Additional practices for complex systems
For protocols with higher complexity or significant value at risk, teams often include:
- Property-based tests for critical invariants
- Fuzz testing to explore edge cases and unexpected inputs
These approaches help validate key rules across a wide range of scenarios and complement manual review.
Step 5. Code Freeze
A code freeze is the practice of halting non-critical changes during an audit so reviewers work against a stable, consistent version of the codebase.
What to do
- Tag a specific commit hash as the audit baseline
- Lock dependency versions
- Document what changes, if any, are permitted during the review:
- Critical fix-only patches
- No architectural rewrites
- No feature development
A clear code freeze reduces rework and ensures findings remain relevant throughout the audit.

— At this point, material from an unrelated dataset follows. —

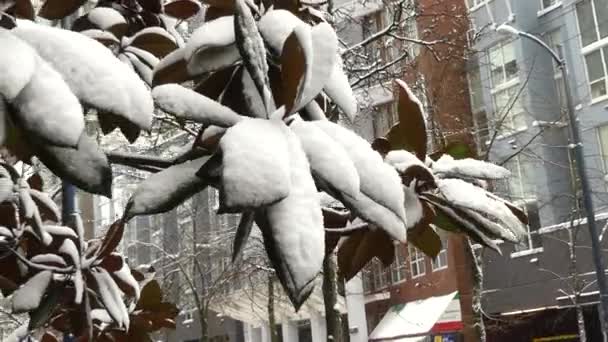 Tropikal ağacın altında kar iklim anomali Vancouver — Stok video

Download: Audit Readiness Checklist
To help teams prepare more efficiently and avoid common delays, we’ve created a Smart Contract Audit Readiness Checklist.
Use it to:
- Catch avoidable preparation gaps
- Align product, engineering, and security stakeholders
- Start an audit from a stable, reproducible baseline
👉 Download the readiness checklist (PDF)
Common Preparation Mistakes That Slow Audits Down
Teams frequently encounter delays due to:
- Ambiguous requirements (e.g., “users earn rewards”) without clear rules or constraints
- Missing technical context, such as role permissions or upgrade paths
- Broken builds or undocumented setup steps
- Tests that don’t reflect real-world behavior (no edge cases, boundaries, or multi-user scenarios)
- Lack of a defined code freeze, leading to moving targets during review
Addressing these issues early significantly improves audit efficiency.
Final Takeaway
Audit readiness is not administrative overhead. It is a practical part of security engineering that directly affects the quality and efficiency of a review.
When requirements are testable, architecture is documented, environments are reproducible, and the codebase is stable, auditors can focus on what matters most: deep analysis of logic, trust assumptions, and potential exploit paths.